Table 3 Analysis of detection performance on individual scales prior to WBF.

Thus we see that each factor, resolution, scale as well as context had significant independent contribution towards achieving the best accuracy using our model.

Discussion

Context, scale and resolution have been known to play a role in small object detection in natural images. In this work we explore the role of each of these factors towards small cancer detection specific to mammography, which presents a unique problem due to the presence of very small objects (cancers) in very large images. We showed through experiments how each of these factors have an important role to play in detection of small cancers.

We performed a single institution, multi-centre study to validate the results of our proposed network.
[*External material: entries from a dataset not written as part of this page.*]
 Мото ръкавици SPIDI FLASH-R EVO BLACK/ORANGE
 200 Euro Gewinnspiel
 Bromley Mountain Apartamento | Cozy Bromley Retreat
We validated our results on a dataset with a distribution of diagnostic mammography practice as well as a screening mammography dataset (external validation). We show that our network performs comparably in both settings. In both datasets we showed an improvement in comparison to our baseline architecture. In addition, we tested our results on a curated dataset with cancers < 1 cm in size. We show that the improvement is most marked in this dataset with our approach, suggesting that this approach is particularly suited for detection of small cancers. Some examples from this dataset which were captured by our network are given in Fig. 5. We also note that despite being an external dataset, we perform better in our SM dataset than our DM dataset. This is due to a large number of benign masses in our DM dataset which were detected as cancers, contributing to false positives in this dataset.

Figure 5
figure 5

Visualization of our results of our network on small masses < 1 cm. Yellow represents the ground truth bounding box, green represents predictions of our network.
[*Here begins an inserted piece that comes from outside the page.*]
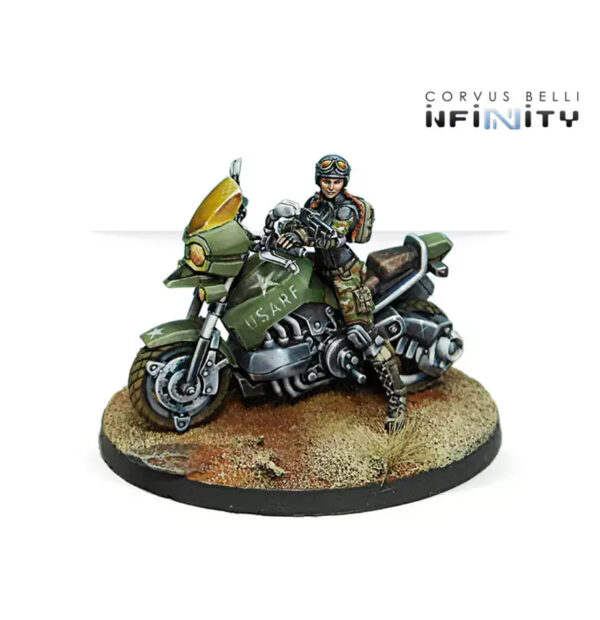 Start Collectig: USAriadna Action Pack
We analyze the importance of resolution, context and scale by comparing our performance of each factor in isolation with the performance of our proposed network. Through our ablation studies (Fig. 4) we demonstrate that each of these factors have an important role to play. Our analysis of performance of each individual scale (Table 3) also showed that though the sensitivity was the lowest at full resolution, this scale was particularly important for detection of small masses.
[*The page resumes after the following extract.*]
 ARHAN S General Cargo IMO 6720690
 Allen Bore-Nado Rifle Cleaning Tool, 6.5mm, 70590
Our study has some limitations. We acknowledge that all mammograms came from a single vendor, thus the effectiveness of the network in other situations need further study. Analysis of masses that were missed by this network revealed that we missed isodense, obscure masses, and masses placed in the peripheral breast tissue. There were only 3 images with microcalcification clusters in the DM dataset and 9 images in the SM dataset. Therefore the performance of the network on microcalcifications has not been adequately studied. Analysis of the false positives revealed that some benign lesions, such as cysts and fibroadenomas were also detected as cancers by the network. This indicates the direction of further research in this area.

To conclude, in this work we present a concerted effort towards the detection of small cancers. In a multicentre study we show the effectiveness of our approach in the setting of diagnostic mammography, screening mammography, as well as in a subset of small cancers < 1 cms in size.